Return-Path: <John.Harrison-request@cl.cam.ac.uk>
Delivery-Date: 
Received: from leopard.cs.byu.edu (no rfc931) by nene.cl.cam.ac.uk 
          with SMTP (PP-6.5) outside ac.uk; Fri, 17 Mar 1995 19:13:44 +0000
Received: by leopard.cs.byu.edu (1.37.109.15/16.2) id AA163245234;
          Fri, 17 Mar 1995 11:33:54 -0700
Sender: info-hol-request@lal.cs.byu.edu
Errors-To: info-hol-request@lal.cs.byu.edu
Precedence: list
Received: from swan.cl.cam.ac.uk by leopard.cs.byu.edu 
          with ESMTP (1.37.109.15/16.2) id AA162745208;
          Fri, 17 Mar 1995 11:33:29 -0700
Received: from auk.cl.cam.ac.uk (user jrh (rfc931)) by swan.cl.cam.ac.uk 
          with SMTP (PP-6.5) to cl; Fri, 17 Mar 1995 18:17:17 +0000
To: info-hol@leopard.cs.byu.edu
Subject: Re: memory consumption of load_theory in HOL90.7
In-Reply-To: Your message of "Fri, 17 Mar 1995 17:15:04 +0100." <95Mar17.171508met.8081@sunbroy14.informatik.tu-muenchen.de>
Date: Fri, 17 Mar 1995 18:17:12 +0000
From: John Harrison <John.Harrison@cl.cam.ac.uk>
Message-Id: <"swan.cl.cam.:290530:950317181721"@cl.cam.ac.uk>


One can split the "why C is more efficient than SML" reasons into two
groups. In the first group we have ways in which C disallows or
discourages inefficient programming constructs; SML programmers could
impose the same restrictions on themselves and hope the compiler will
understand.

* There are no dynamic free variables so everything can be accessed
  directly off two index registers without multiple dereferences.

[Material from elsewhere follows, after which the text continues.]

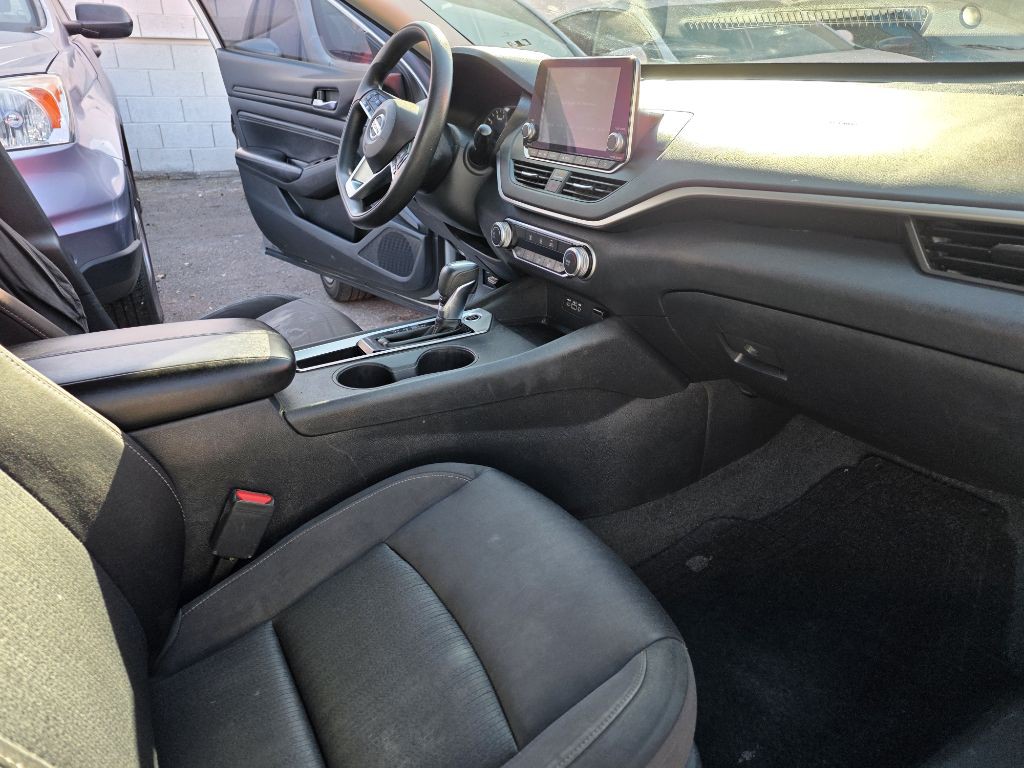 2020 Nissan Altima Image 13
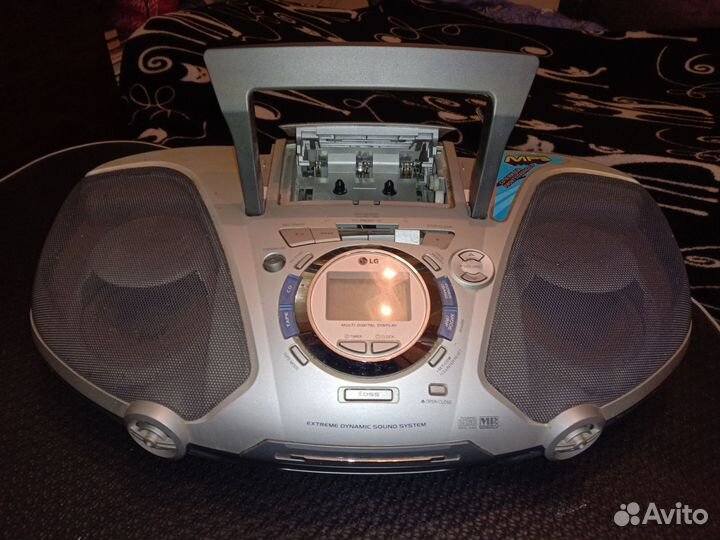 Магнитола LG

* All dynamic variables are of fixed size, so stack adjustment on
  function call can be done by adding a constant.

* Facilities for direct manipulation of composite data structures and
  higher-order objects are minimal.

Then there are more fundamental reasons why C will always beat ML:

* Array dereferences are not bounds checked.

* There is real pointer arithmetic.

* One can hack data structures easily to fit the machine.

It seems these would lead to inconsistency if copied in SML (e.g one
could have an array of theorems, and pick up random data of type "thm" by
reading outside its bounds). However it's not clear these problems are
terribly important in practice. When I wrote identicalish BDD algorithms
in C and SML, I found C was about 10 times the speed; I suspect largely
because of the efficient pointer manipulations in C (using complement edges
probably exaggerates the difference). Don't forget also:

* There are greater commercial incentives to have efficient C compilers.

Then there is the vexed question of garbage collection. It really seems
that having a garbage collected language is a tremendous plus for theorem
provers like HOL, and any other symbolic computation systems. The
convenience value is tremendous. Doing it transparently in C *should* be
less efficient. Having said that, symbolic computation may be unusual.
In most systems software, for example, I suspect one wants a bit of
extensibility in the data structures, but their allocation/deallocation
follows the structure of the program very neatly, and will be far more
efficient with C mallocs. However SML fans may disagree. Are there any
papers which study this "objectively"?

In any case SML/NJ is a heavyweight system, as Konrad remarks. There are
some very economical versions of ML (e.g. CAML Light). However it remains
to be seen how they cope with really big examples.

John.